:: EXCERPTED DATA

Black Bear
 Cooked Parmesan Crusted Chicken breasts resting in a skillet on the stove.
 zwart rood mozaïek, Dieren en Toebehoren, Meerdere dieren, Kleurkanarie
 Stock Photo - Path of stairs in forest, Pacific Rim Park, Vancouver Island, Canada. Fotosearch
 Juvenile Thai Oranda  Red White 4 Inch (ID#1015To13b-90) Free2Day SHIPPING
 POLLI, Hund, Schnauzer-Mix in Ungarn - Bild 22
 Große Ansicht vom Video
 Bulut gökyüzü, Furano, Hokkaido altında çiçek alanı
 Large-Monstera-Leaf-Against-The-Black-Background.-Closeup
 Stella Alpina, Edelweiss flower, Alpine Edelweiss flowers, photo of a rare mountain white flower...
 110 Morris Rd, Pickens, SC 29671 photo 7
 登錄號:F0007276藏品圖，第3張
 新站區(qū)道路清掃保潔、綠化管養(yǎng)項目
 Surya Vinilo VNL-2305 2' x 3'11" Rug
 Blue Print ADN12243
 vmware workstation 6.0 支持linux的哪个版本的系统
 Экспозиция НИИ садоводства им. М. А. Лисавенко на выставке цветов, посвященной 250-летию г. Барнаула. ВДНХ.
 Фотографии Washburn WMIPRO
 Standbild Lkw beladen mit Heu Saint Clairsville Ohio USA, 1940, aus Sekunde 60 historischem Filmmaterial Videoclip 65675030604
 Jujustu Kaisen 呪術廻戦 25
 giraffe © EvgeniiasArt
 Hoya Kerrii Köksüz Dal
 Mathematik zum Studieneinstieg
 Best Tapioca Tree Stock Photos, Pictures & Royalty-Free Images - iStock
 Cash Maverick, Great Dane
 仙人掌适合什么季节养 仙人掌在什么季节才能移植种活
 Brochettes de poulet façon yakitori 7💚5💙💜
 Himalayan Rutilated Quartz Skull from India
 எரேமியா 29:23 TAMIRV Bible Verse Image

::::

• YOUR GOAL:
Every line that contains the string "Stock" should be copied from the entries.

• OUTPUT FOR THIS TASK:
 Stock Photo - Path of stairs in forest, Pacific Rim Park, Vancouver Island, Canada. Fotosearch
 Best Tapioca Tree Stock Photos, Pictures & Royalty-Free Images - iStock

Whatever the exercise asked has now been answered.